If you plan to have more children, you should know that every c-section you have raises your risk in future pregnancies of placenta previa and placenta accreta, in which the placenta implants too deeply and doesn’t separate properly at delivery. These conditions can result in life-threatening bleeding and a hysterectomy.
What are the risks of attempting a VBAC?
Even if you’re a good candidate for a VBAC, there’s a very small (less than 1 percent) risk that your uterus will rupture at the site of your c-section incision, resulting in severe blood loss for you and possibly oxygen deprivation for your baby.
Also, if you end up being unable to deliver vaginally, you could endure hours of labor only to have an unplanned c-section. And while a successful VBAC is less risky than a scheduled repeat c-section, an unsuccessful VBAC requiring a c-section after the onset of labor carries more risk than a scheduled c-section.
With an unplanned c-section after laboring, you have a higher chance of surgical complications, such as excessive bleeding that could require a blood transfusion or a hysterectomy, in rare cases, and infections of the uterus and the incision. And the risk of complications is even higher if you end up needing an emergency cesarean.
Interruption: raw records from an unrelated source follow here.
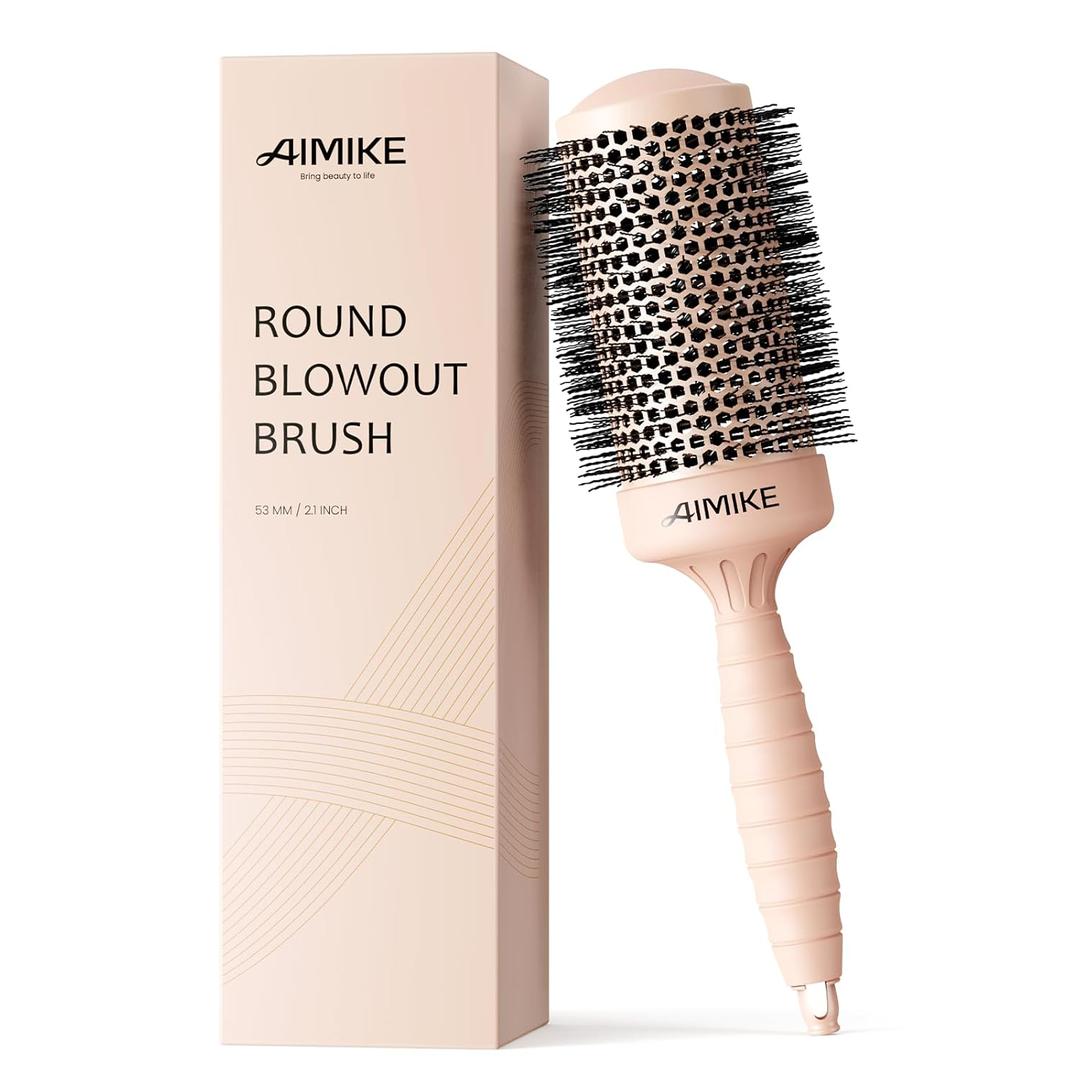 AIMIKE Round Hair Brush, 2.1 inch Nano Ion Thermal Ceramic Tech, Large Round Brush for Blow Drying & Styling, Maximum Volume and Shine, Barrel 2.1 inch, for Thick Curly Hair, Unisex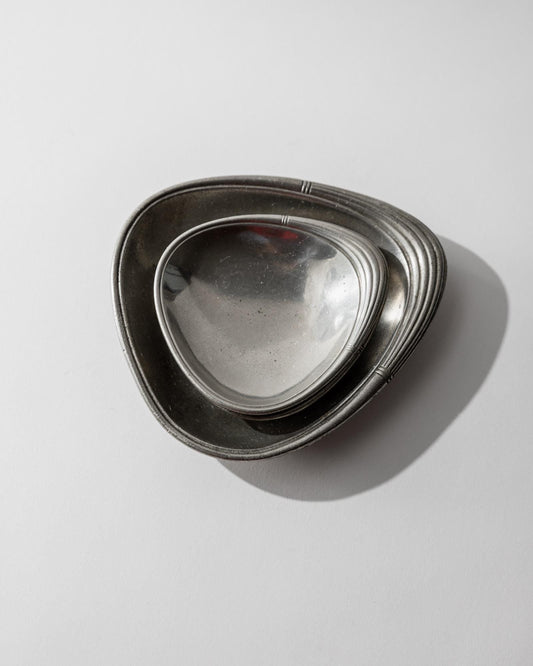 Vintage Zinnschale Set von 3 von Just für Just Denmark silbergrau Dekoration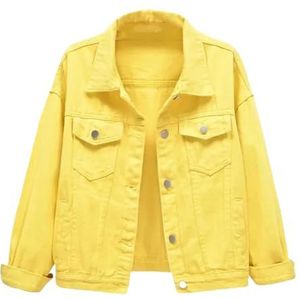 Pegsmio Denim jas dames lente herfst losse top basic jeans jassen losse bovenkleding, Geel, XXL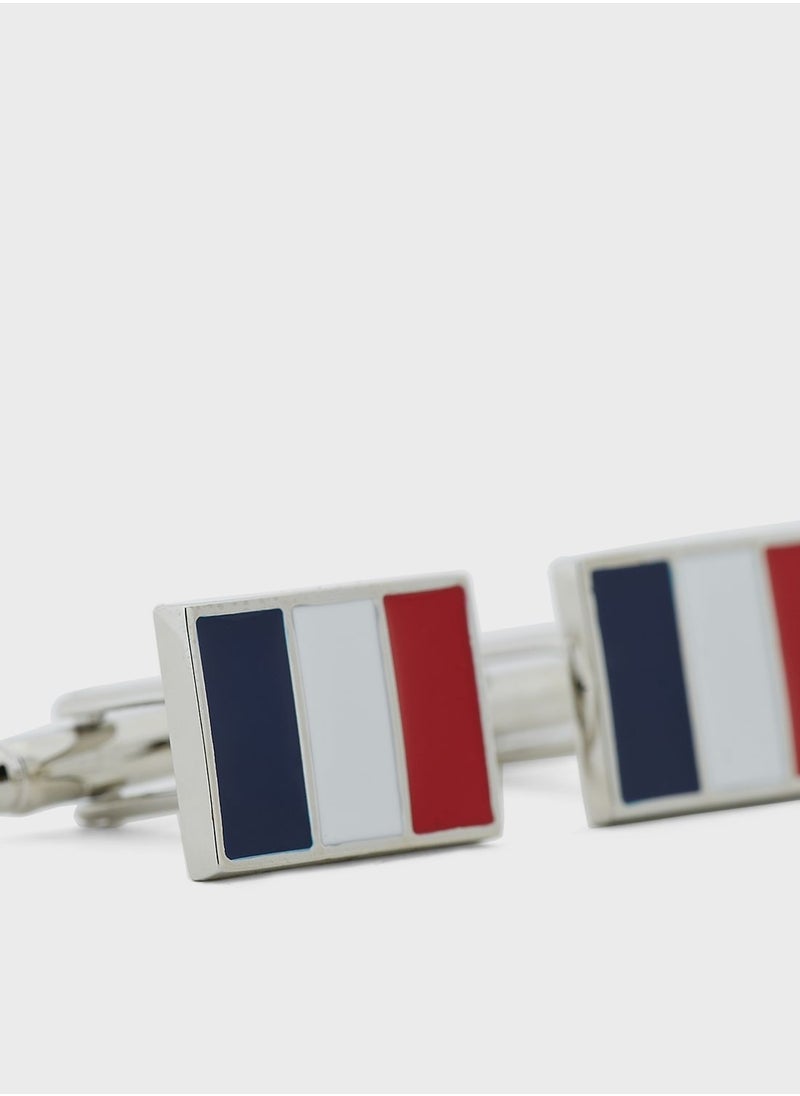 Robert Wood - Multicolor Enamel Cufflink In Gift Box - Image 1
Finally, there is the risk of the baby having a serious complication that could lead to long-term neurological damage or even death. While this risk is very small overall, it may be higher in women who undergo an unsuccessful VBAC (which would mean a c-section after failed labor) than in women who have a successful vaginal delivery or a scheduled c-section.
What kind of interventions will I need if I attempt a VBAC?
A change in your baby’s heartbeat is usually the earliest sign that there might be a problem. So if you decide to try for a vaginal birth after a cesarean, you’ll need continuous electronic fetal monitoring. You’ll also need an IV (which most women in labor have), and you’ll have to refrain from eating anything during labor in case you require an emergency c-section later.